Critics say the ratings companies failed to grade financial products accurately because their business model has a built-in conflict of interest: The firms are paid by the issuers of securities, not investors, to rate financial products. Banks can shop around for a firm that will assign their products the highest grades.
Former Moody's executives described a culture where agencies were lax in their ratings to win more customers on Wall Street.
"When I left Moody's, an analyst's worst fear was that he would do something that would allow him to be singled out for jeopardizing Moody's market share, for impairing Moody's revenue or for damaging Moody's relationships with its clients, and lose his job as a result," wrote Mark Froeba, former senior vice president of U.S. derivatives at Moody's Investor Service, in a statement submitted ahead of his testimony.
Buffett's company has a 13 percent stake in Moody's, or 31 million shares, according to Berkshire Hathaway's most recent quarterly filing to the Securities and Exchange Commission. Since last summer, Berkshire Hathaway has cut its holdings by one-third.
Moody's stock is down nearly 30 percent over the past year, and at close of market Wednesday, Berkshire's stake was worth about $617 million. Yet Buffett did not have harsh words for the agencies.
"I am much more inclined to come down hard on the CEOs of institutions that caused the United States government to come in and necessarily bolster them than I am on someone who made a mistake that 300 million other Americans made," he said. (Buffett is a director of The Washington Post Co.)
The commissioners didn't just ask Buffett about the ratings agencies. They wanted his opinions on the government bailout, Fannie Mae and Freddie Mac, and derivatives, too. Brooksley Born, the former chair of the Commodity Futures Trading Commission who famously warned other government officials about the dangers of derivatives in the mid-1990s, asked Buffett if the derivatives market was still a "time bomb." Buffett said yes.
Former California treasurer Philip Angelides leads the bipartisan 10-member FCIC, which is required to submit a report on the causes of the 2008 financial crisis by Dec. 15. The FCIC is modeled after the 9/11 Commission, although it also draws frequent comparisons to the Senate's Depression-era Pecora Commission, which examined the stock market crash of 1929. The panel has also heard testimony from J.P. Morgan Chase chief executive Jamie Dimon, Goldman Sachs chief executive Lloyd Blankfein, former Federal Reserve chairman Alan Greenspan and former Treasury secretary Henry M. Paulson Jr.

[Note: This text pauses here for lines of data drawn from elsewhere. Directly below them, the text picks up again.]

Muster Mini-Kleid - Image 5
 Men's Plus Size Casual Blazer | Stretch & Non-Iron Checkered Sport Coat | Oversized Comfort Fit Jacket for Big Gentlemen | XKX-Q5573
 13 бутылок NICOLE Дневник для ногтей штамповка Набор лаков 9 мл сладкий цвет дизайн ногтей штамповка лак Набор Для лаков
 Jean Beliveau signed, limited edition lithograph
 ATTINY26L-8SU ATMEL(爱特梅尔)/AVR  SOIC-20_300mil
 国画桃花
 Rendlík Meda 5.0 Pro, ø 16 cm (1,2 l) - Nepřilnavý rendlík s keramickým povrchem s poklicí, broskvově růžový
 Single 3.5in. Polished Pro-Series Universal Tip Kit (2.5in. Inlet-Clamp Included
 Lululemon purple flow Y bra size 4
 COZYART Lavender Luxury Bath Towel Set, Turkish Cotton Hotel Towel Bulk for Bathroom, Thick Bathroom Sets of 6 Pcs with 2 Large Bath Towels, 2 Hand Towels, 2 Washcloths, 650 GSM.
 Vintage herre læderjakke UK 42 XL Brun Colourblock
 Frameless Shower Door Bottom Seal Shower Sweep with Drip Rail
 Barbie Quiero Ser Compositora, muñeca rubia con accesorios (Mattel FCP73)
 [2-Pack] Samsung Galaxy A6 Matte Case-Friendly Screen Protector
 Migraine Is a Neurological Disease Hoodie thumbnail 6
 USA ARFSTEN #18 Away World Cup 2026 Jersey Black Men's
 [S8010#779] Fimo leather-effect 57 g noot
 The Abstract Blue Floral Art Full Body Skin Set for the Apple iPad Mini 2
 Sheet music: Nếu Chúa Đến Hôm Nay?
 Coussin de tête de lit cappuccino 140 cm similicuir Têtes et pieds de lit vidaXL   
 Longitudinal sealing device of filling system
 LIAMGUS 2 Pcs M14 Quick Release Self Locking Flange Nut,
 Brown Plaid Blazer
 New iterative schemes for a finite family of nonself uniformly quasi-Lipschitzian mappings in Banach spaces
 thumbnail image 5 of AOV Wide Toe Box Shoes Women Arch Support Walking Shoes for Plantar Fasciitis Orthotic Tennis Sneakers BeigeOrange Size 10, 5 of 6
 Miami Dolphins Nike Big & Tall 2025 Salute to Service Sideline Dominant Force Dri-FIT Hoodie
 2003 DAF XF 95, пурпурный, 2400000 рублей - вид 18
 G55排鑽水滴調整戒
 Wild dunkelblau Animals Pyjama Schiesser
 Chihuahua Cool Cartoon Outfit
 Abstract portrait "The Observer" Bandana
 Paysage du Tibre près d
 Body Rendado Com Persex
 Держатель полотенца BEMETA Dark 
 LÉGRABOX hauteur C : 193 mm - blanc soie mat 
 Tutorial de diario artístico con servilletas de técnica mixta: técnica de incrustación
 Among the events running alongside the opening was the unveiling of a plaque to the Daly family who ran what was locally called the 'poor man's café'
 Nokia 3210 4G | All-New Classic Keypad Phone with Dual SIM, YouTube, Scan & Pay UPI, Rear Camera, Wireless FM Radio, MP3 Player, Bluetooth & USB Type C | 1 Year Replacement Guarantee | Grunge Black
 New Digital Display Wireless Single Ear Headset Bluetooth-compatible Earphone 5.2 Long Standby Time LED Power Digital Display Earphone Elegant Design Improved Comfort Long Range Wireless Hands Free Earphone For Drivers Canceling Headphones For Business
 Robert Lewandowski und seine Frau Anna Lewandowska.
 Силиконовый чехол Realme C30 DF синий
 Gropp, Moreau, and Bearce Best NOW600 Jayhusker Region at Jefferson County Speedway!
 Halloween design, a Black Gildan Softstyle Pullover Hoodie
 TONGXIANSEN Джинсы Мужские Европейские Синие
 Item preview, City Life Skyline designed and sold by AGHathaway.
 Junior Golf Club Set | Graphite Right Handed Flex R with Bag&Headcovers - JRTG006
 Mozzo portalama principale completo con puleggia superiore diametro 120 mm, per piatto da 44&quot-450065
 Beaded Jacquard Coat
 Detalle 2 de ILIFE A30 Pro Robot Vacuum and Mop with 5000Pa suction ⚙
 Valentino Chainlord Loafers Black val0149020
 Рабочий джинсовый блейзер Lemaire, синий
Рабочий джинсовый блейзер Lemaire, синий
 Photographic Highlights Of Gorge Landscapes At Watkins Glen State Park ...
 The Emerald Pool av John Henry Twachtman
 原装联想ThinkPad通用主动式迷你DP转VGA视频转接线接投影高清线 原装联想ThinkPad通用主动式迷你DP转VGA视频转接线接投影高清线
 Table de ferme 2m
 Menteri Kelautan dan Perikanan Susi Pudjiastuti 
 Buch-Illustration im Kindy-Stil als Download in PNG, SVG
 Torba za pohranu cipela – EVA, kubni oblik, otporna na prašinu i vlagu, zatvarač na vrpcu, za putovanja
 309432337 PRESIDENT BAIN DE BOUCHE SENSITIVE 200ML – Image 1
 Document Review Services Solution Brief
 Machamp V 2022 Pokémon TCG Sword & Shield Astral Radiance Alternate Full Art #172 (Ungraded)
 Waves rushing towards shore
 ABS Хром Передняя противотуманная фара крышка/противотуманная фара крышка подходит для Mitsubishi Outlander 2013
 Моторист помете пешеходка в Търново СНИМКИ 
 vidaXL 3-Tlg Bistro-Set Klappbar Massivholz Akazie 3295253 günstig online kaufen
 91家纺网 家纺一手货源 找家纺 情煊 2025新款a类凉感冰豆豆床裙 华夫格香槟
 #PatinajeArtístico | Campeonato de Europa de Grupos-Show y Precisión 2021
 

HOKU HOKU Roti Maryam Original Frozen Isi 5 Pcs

The financial regulatory bill addresses some concerns about the ratings agencies. The Senate passed an amendment from Sen. Al Franken (D-Minn.) that would create a ratings board within the SEC that would assign ratings firms to securities, rather than let banks choose their graders. Both the Senate and House versions of the bill would make it easier for investors to sue the agencies.